Listen to interview with host Eric Michaels & guest Dr. Perry Rosenthal discuss the following:
- Since, as you have said, symptoms of dry eye are actually a special type of eye pain, how do you explain why so many people constantly complain of having dry eyes even though their eyes are not dry? . Why does this occur?
- You've written that LASIK surgery is one of the prime causes of persistent dry eye symptoms in eyes that are not really dry. How is this explained?
- I assume the LASIK industry is not happy that you're talking about this. What kind of pushback have you experienced from them?
- Why did you start the Boston EyePain Foundation?
- Is there any hope for people with devastating dry eye symptoms whose eyes seem to have adequate tears?
SUMMARY: If you're going to have LASIK, be aware of all the potential risks, including devastating eye pain which, while it affects only a small percentage of people who have had LASIK, is a real issue.

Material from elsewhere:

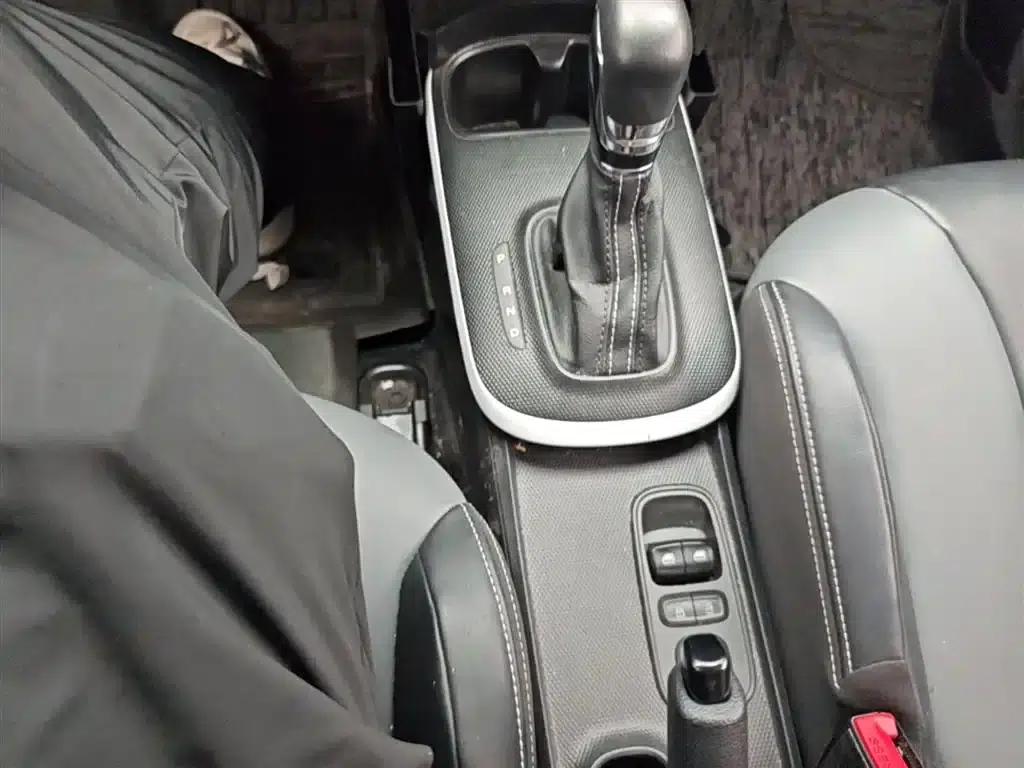 CLEVER 2022 Model 311km Energy Bobo Edition — миниатюра 14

Perry Rosenthal, MD, founder of the nonprofit Boston EyePain Foundation, specialized in ophthalmology through the residency program of Harvard’s Massachusetts Eye and Ear Infirmary. As a resident, he founded the Infirmary’s first Contact Lens Service at the “suggestion” of Professor Edwin P Dunphy, then chair of the Department of Ophthalmology and a visionary who understood the potential of hard contact lenses to improve vision impaired by corneal diseases. Dr. Rosenthal quickly discovered that the usefulness of first generation commercial contact lenses was severely limited by blocking corneal access to oxygen needed to support their metabolism. In effect, these devices asphyxiated the corneas while they were worn. The solution was obvious and Rosenthal co-founded Polymer Technology to develop rigid contact lens plastics that ‘breathed” and compatible solutions known as the Boston Lens™ products. The company was subsequently acquired by Bausch & Lomb.